I am at the moment trying to convince them that Open ID would be a great compromise. We are very limited on that system as forcing people to register with them just to leave the odd comment does put people off.
I think fear over someone getting hold of ones password and then going around other systems impersonating them is a little paranoid. Getting hold of a password on any system can happen rarely but I don't see how the risk is higher with Open ID.
I personally think Open ID is the best thing since sliced bread. It certainly saves all this registering on seperate systems all over the web. -
Theoretically OpenID *is* opt-in automatically. It only authenticates you on OpenID-enabled websites where you, personally, have originally asked it to do so.
If you never use your AOL OpenID to register on a website, it can't be used to log into it, so it's as secure as you, personally, want it to be.

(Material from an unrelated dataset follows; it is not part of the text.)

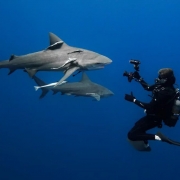 Photo-Requins-Antonin-Blaison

If you want to use it, use it.
If you do not want to use it or have others use it if they steal your password, then never use it and they'll never be able to either. -
if its anything like securID we are all screwed...we all know how flawed that system is
http://www.seriouslyfunnyvideos.com -
This is indeed good news. While trying to do some exploratory integration / interoperability work I found several issues. First if the screen name is over a set number of chars many of the web interfaces truncate the value, however the openid.aol.com server doesn't, resulting in a page not found error. Second during the authentication process after the submission of the login form there are times when api.screenname.aol.com returns an HTTP Status OK with no content, when I would expect the authorization page, or a redirect back to the relying party with an error. I can provide additional details via email if anyone is interested.